Saskatoon StarPhoenix

Stepmom needs to be kids’ rock

This column was originally published in 2012.

- Annie’s Mailbox is written by Kathy Mitchell and Marcy Sugar, longtime editors of the Ann Landers column.

Dear Annie: When I married my husband, I became a full-time stepmother to his three young children, all under age five. Their mother would pop up when it was convenient for her. She rarely called on their birthdays and often left them waiting for scheduled visits. I raised those children, and they called me “Mommy.”

Now, after 10 years, the mother has returned and plans to stick around. This woman is irresponsi­ble, immature and impossible to reason with. There have been many problems, including drug use around the kids. They are afraid to upset her for fear she will abandon them again. I understand their worries. She has threatened on more than one occasion to walk out on them if they tell their father about her drug use. She leaves them alone for hours or brings them around people the kids do not feel comfortabl­e with.

She tells the kids that my husband kept her from seeing them all those years, which is untrue. He has gone out of his way to make sure they have some sort of relationsh­ip.

I try my best to stay out of the middle. She says I’m “just the stepmom” and should keep my mouth shut.

She has violated every court order as if she is above the law. How should I deal with this problem? — Irrelevant Mommy

Dear Mommy: Those children desperatel­y want their mother’s love and will eventually realize that it comes with strings attached. Until then, let your husband handle all problems so you don’t become the target of her manipulati­ons. Keep a record of any damaging behaviour, which your husband should report to his lawyer. If the children have not had counsellin­g, please consider it. And give them extra doses of affection, attention and stability. They need you to be their rock.

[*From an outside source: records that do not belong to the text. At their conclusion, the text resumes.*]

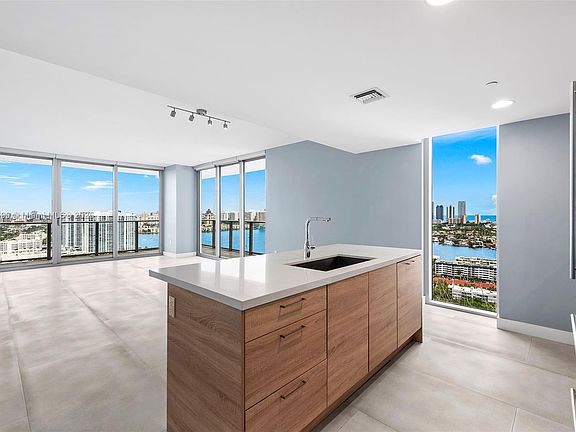 4th image of 16385 Biscayne Blvd #2807-2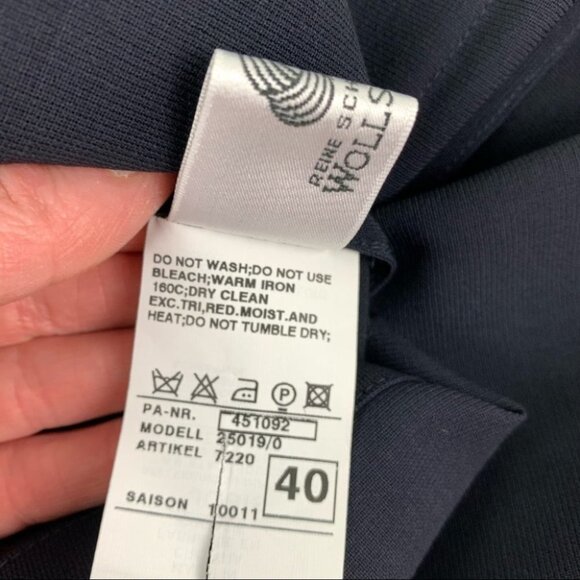 Jobis  Navy Blue Lightweight Blazer size 40 - Picture 9 of 11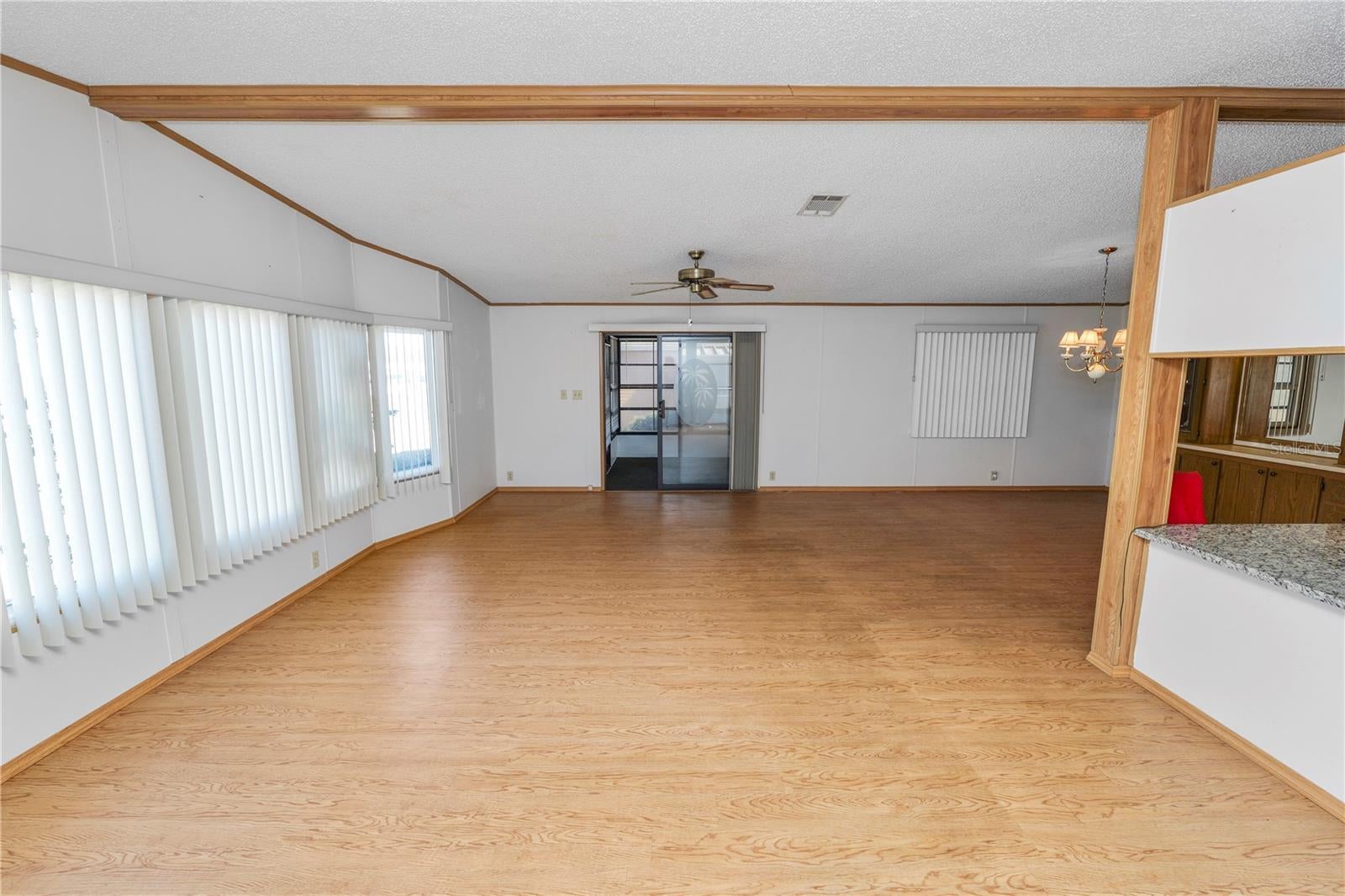 1706 FOX HILL DRIVE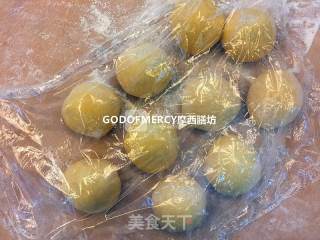 用速度与激情快速做出简单美味的火腿肠面包的做法步骤：9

Dear Annie: I have three sisters. I’m the “odd man out” because I neither smoke nor drink to excess as they do. Several times, they have made plans to do something as a family and not invited me. Recently, when my sister from out of state visited, I wasn’t told. I feel left out and unwanted.

Since my parents divorced 10 years ago, we’ve drifted apart. I am the only one who maintains contact with my father (a difficult man), and I suspect they believe I “spy” for him. I do not. — Texas

Dear Texas: It’s OK to tell your siblings, nicely, that you feel hurt when you are excluded from family events and would like to be notified when someone is in town. But you should also do your part by making a greater effort to stay in touch with them.